Task instructions: Set down the whole listing below exactly. The pictures stay out.

The data:
BEGIN

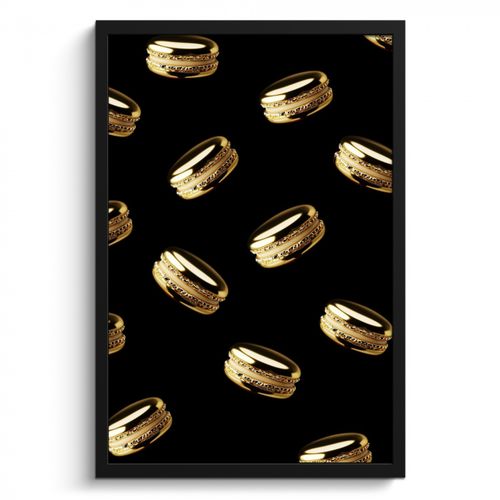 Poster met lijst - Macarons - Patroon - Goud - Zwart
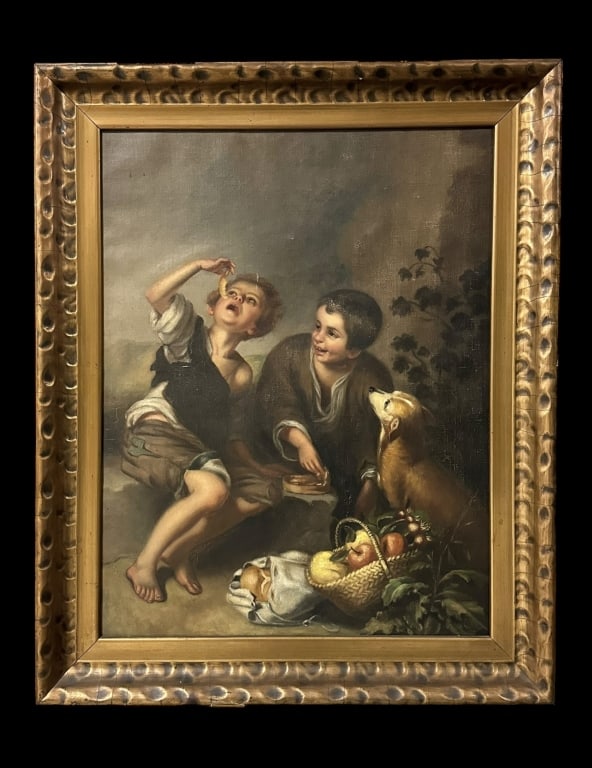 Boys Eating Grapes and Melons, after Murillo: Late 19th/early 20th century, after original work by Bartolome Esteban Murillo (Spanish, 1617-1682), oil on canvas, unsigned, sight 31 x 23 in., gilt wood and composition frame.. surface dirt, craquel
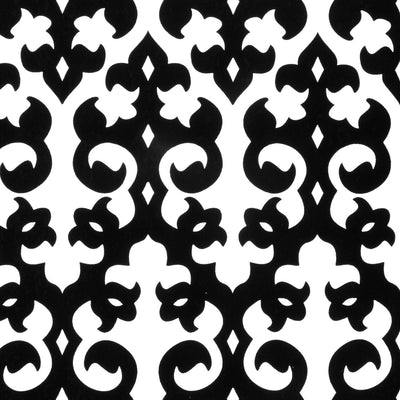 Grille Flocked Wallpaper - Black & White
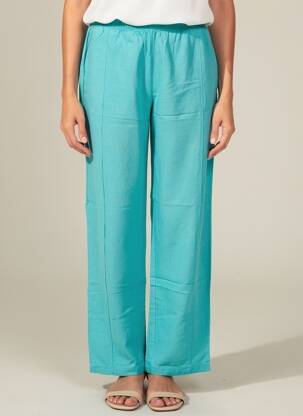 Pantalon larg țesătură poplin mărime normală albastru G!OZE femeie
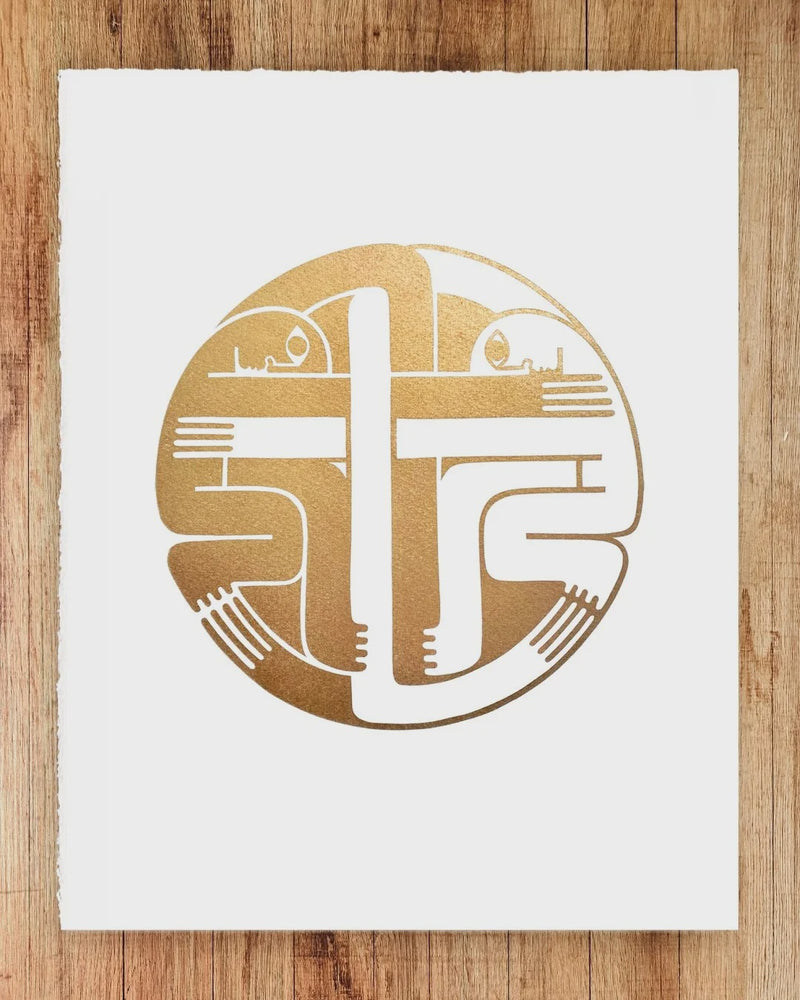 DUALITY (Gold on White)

END

Solution below:
 Poster met lijst - Macarons - Patroon - Goud - Zwart
 Boys Eating Grapes and Melons, after Murillo: Late 19th/early 20th century, after original work by Bartolome Esteban Murillo (Spanish, 1617-1682), oil on canvas, unsigned, sight 31 x 23 in., gilt wood and composition frame.. surface dirt, craquel
 Grille Flocked Wallpaper - Black & White
 Pantalon larg țesătură poplin mărime normală albastru G!OZE femeie
 DUALITY (Gold on White)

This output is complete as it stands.